Work order
Within the data that follows, set down exactly the lines from the one containing "15539 Norvin Way, Grass" through the one containing "缅北局势最新动态报道，今日热点消息一网打尽", both ends included.

Data for review
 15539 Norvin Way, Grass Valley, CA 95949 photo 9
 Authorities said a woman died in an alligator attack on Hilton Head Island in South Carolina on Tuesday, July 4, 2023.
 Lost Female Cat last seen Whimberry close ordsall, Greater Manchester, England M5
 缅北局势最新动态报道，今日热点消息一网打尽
--
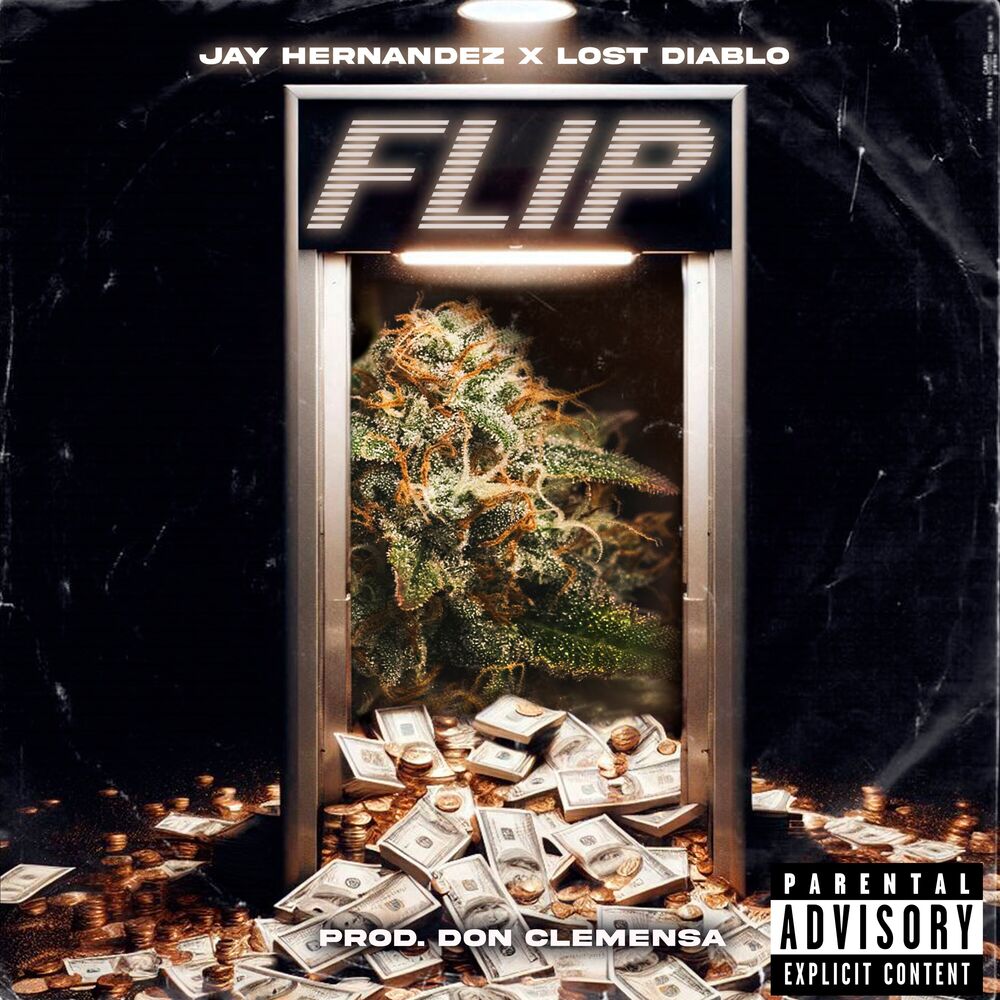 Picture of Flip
---
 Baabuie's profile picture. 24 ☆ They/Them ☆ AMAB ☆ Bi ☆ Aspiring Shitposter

Output below
 15539 Norvin Way, Grass Valley, CA 95949 photo 9
 Authorities said a woman died in an alligator attack on Hilton Head Island in South Carolina on Tuesday, July 4, 2023.
 Lost Female Cat last seen Whimberry close ordsall, Greater Manchester, England M5
 缅北局势最新动态报道，今日热点消息一网打尽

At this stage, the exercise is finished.